SkyReels(V1/V2) for Infinite Videos length and Human Centric style

install skyreels opensource model locally using comfyui

Another diffusion-based video generation model has entered the open-source market: Skyreels(V1), a human-centric video model and Skyreels(V2)-infinte Video filming model fine-tuned on HunyuanVideo and WanVideo respectively. It offers open-source leadership, advanced facial animation, and cinematic lighting and aesthetics.

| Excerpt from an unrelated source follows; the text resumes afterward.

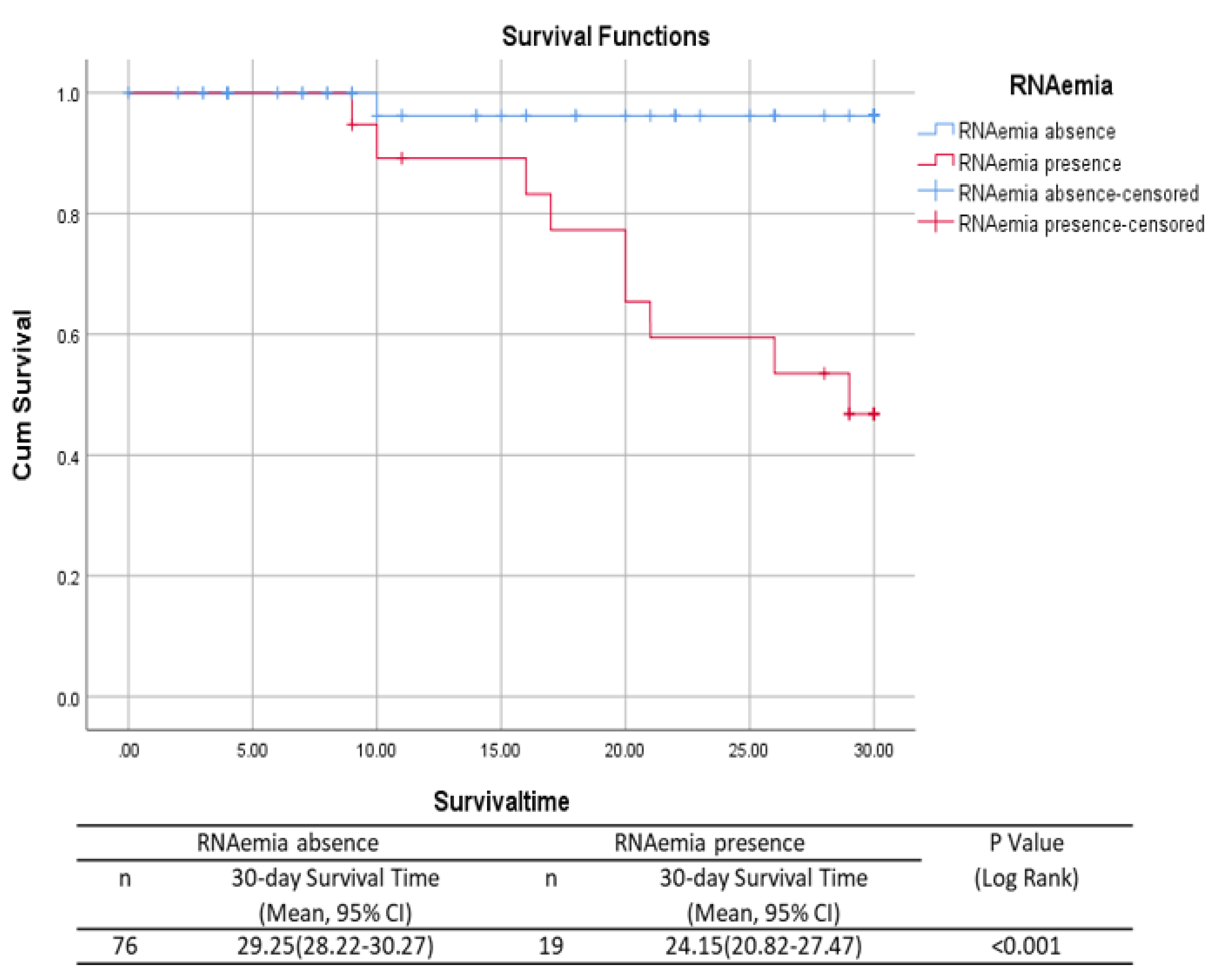 Viruses 15 01560 g002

However, the model requires a significant amount of VRAM at least 79GB making it difficult to run on standard hardware. The best solution is to use a quantized version of the model. In this guide, we will show you a better alternative to run Skyreels without encountering out-of-memory errors.


Installing process

update ComfyUI from the manager

Get install ComfyUI if you have not yet. Older user have to update it from the manager section by selecting "Update ComfyUI" option.


SkyReelsV2(For Infinite Video Length generation)

1. The project has been merged to WanVideo Wrapper. So you have to install the Kijai's WanVideo wrapper if you haven't done yet. People having this custom nodes only have to update the custom node. You can to this either from the Manager or use "git pull" command into the command prompt.


download skyreelsV2 video generation model

2. Download the SkyreelV2 model from Kijai's Hugging Face repository. Save it inside "ComfyUI/models/diffusion_models" folder. Also download the same VAE and text encoders mentioned for Kijai's WanVideo. If you already done then its not required.

Here, there are multiple different variant(TxtToVideo/ImgToVideo) to choose from with resolutions (540/720p) and model types (fp8/fp16). If you have the low VRAM, use the fp8 variant or 1.3B parameter model.

GGUF Variant

Their is also a better option for people using low VRAM.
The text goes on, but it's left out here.